Phoenix FM
- Brentwood and Billericay; England;
- Frequencies: FM: 98.0 MHz; DAB: 8A (North East London/South West Essex), 8B (Harlow), 9A (Southend);

Programming
- Format: Community radio

Ownership
- Owner: Phoenix FM Limited

History
- First air date: 29 December 1996 (restricted licence) 23 March 2007 (fully licensed)

Links
- Webcast: MP3 Stream
- Website: phoenixfm.com

= Phoenix FM =

Phoenix FM is a community radio station serving the areas of Brentwood and Billericay, United Kingdom, broadcasting on 98.0FM, east London, south and west Essex, north Kent and east Hertfordshire on DAB, and worldwide online. Their FM/DAB broadcasts cover an area of over 3,200,000 people.

==History==
The station was formed in 1996 and has been broadcasting full-time on FM since 23 March 2007, having completed twelve 28-day restricted service licence broadcasts on FM between 1996 and 2006.

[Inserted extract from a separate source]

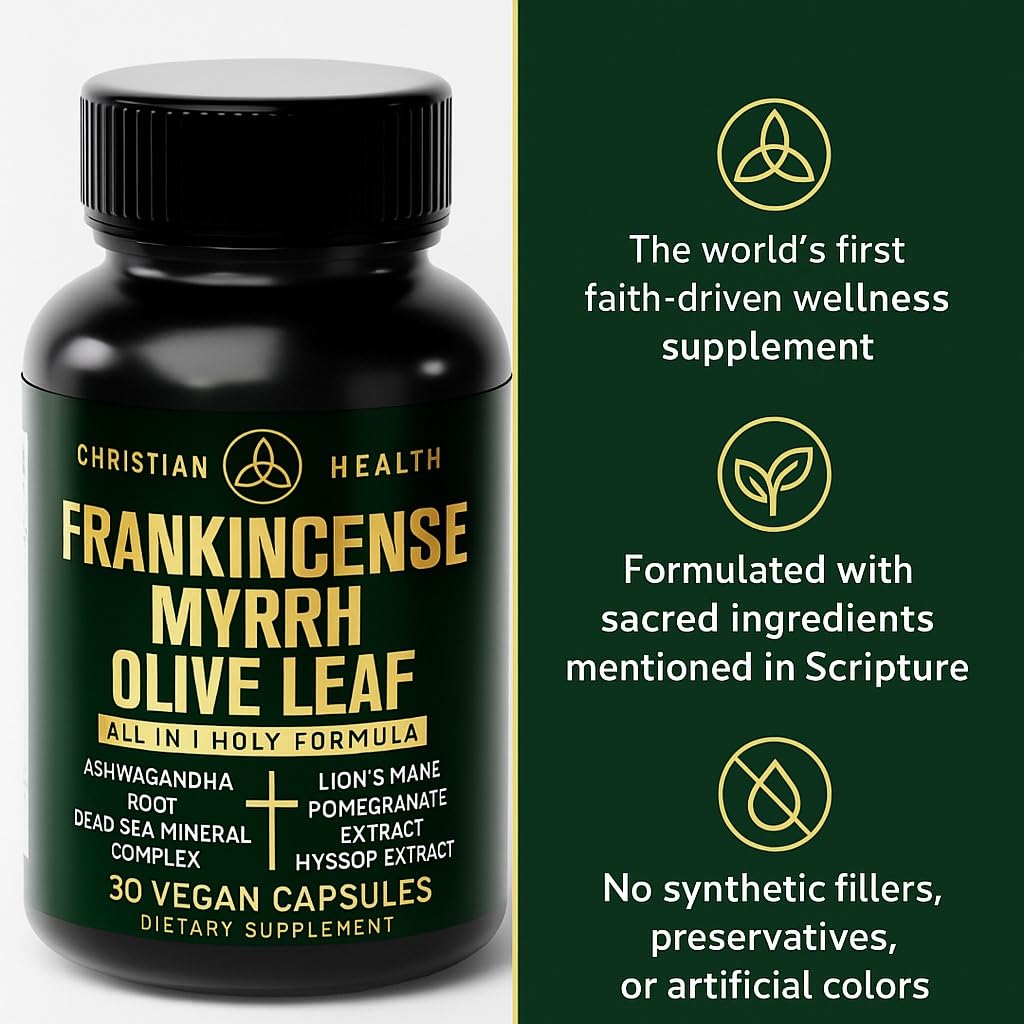 Back label of Christian Health Frankincense and Myrrh supplement showcasing the GMP certified manufacturing details.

Phoenix FM was also the first community radio station in the UK to provide a streaming internet service, in 2001.

On 16 February 2006, Ofcom announced that Phoenix FM, after ten years of campaigning, had been awarded a full-time Community Radio licence.

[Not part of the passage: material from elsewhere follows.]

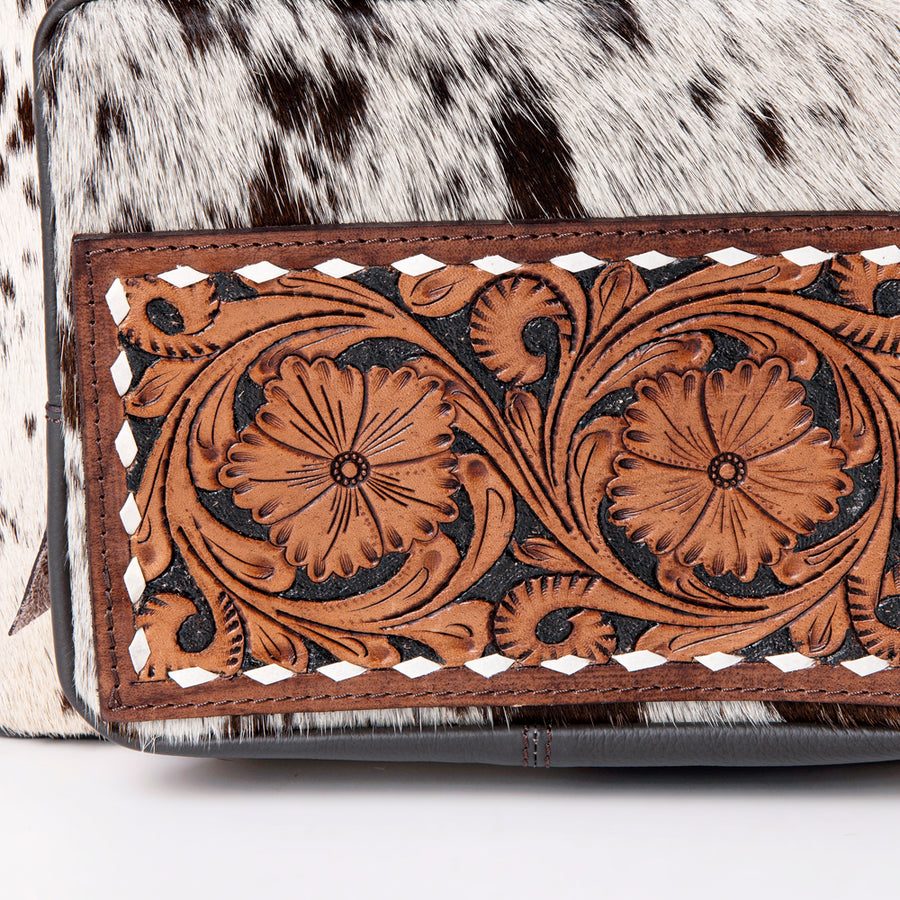 OHLAY Clutch Hand Tooled Hair on Genuine Leather Western Women Bag Handbag Purse | Purses for Cute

Having previously set up studios in Ongar Road, The Hermitage and Hutton Poplars Lodge, Phoenix FM moved its base of operations to the Baytree Centre in early 2007 and started broadcasting full-time on 98.0 FM at 7pm. on Friday 23 March 2007. The station relocated to the Brentwood Centre in February 2012.

Phoenix FM left the Brentwood Centre in July 2026 and moved into new studios in Thorndon Country Park, Brentwood.

The station's Creative Sessions have given studio recording time to unknown and young local bands as well as featuring established recording artists such as Republica, Imogen Heap, Turin Brakes, Salad, Echobelly, Midway Still, Chris T-T, Inme and MJ Hibbett.

==DAB==

East London and Essex Digital, a consortium led by Phoenix FM and including Basildon station Gateway 97.8, was awarded the DAB multiplex licence for North East London/South West Essex by Ofcom in July 2024.

Phoenix FM started broadcasting from DAB multiplexes in Southend on 30 April 2025, North East London/South West Essex on 5 January 2026 and Harlow on 17 February 2026. The combined terrestrial coverage of the station now exceeds 3,200,000 listeners.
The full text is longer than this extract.